Data for this task:
▼
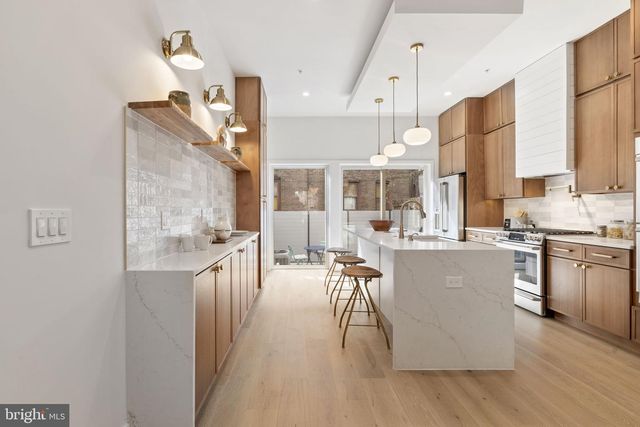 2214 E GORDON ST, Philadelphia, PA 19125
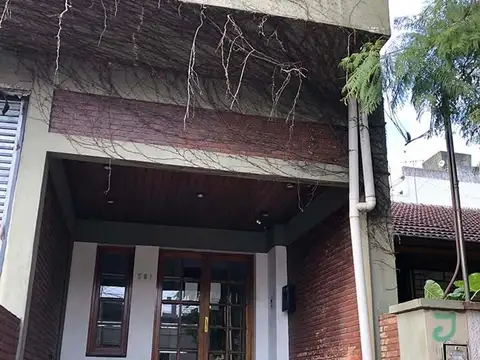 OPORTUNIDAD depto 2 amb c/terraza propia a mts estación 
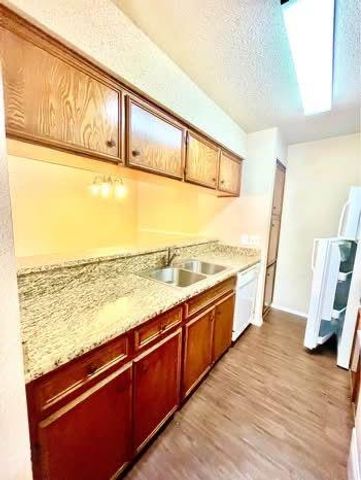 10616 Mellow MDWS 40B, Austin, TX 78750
▲
▼
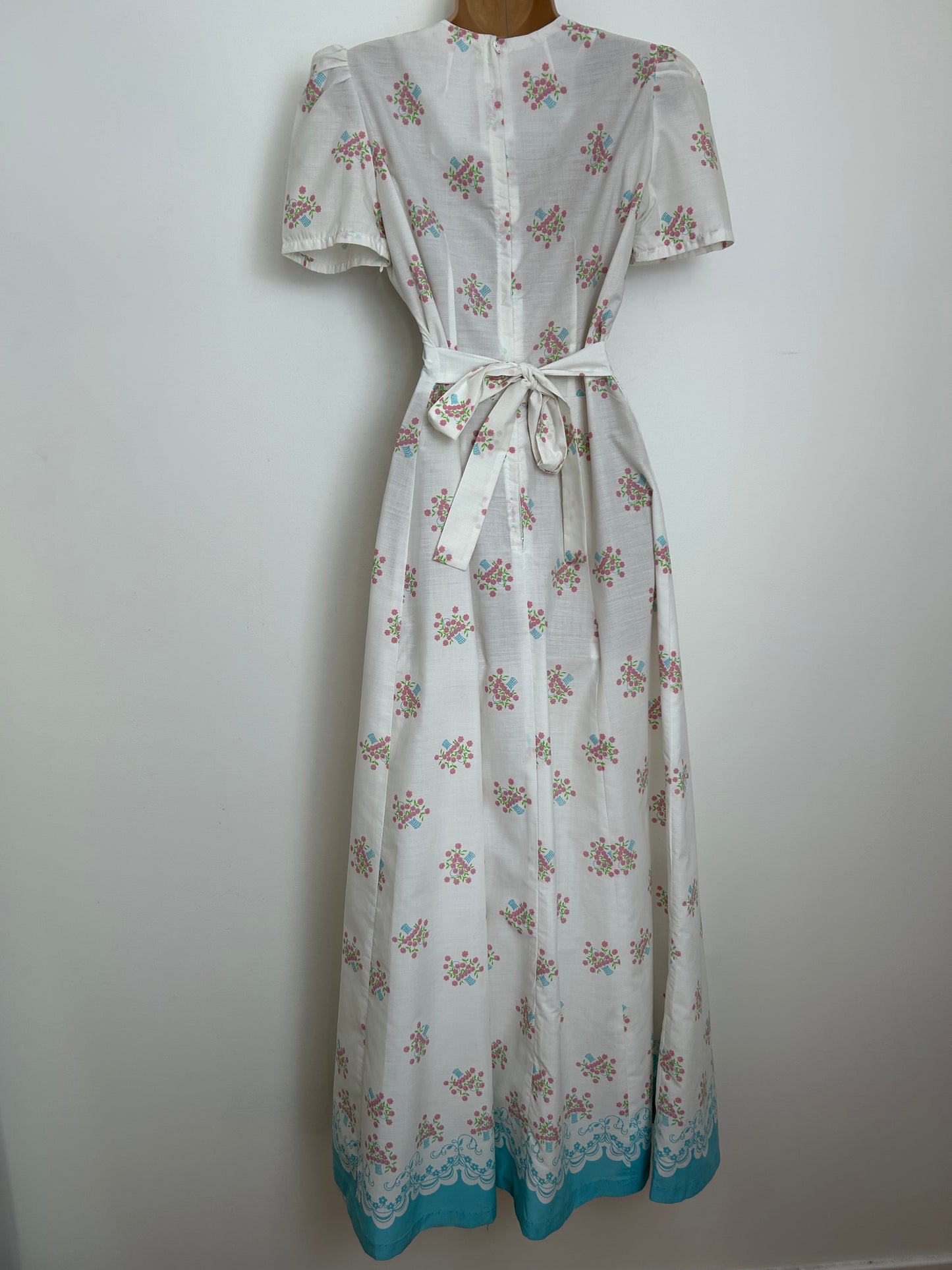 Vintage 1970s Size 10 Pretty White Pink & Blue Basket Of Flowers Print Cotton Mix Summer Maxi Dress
▲
Exact copy, no pictures. Write out the lines in the entries above, starting with the line with "2214 E GORDON ST, Philadelphia, PA 19125" and going on through the line with "10616 Mellow MDWS 40B, Austin, TX 78750", keeping both.

 2214 E GORDON ST, Philadelphia, PA 19125
 OPORTUNIDAD depto 2 amb c/terraza propia a mts estación 
 10616 Mellow MDWS 40B, Austin, TX 78750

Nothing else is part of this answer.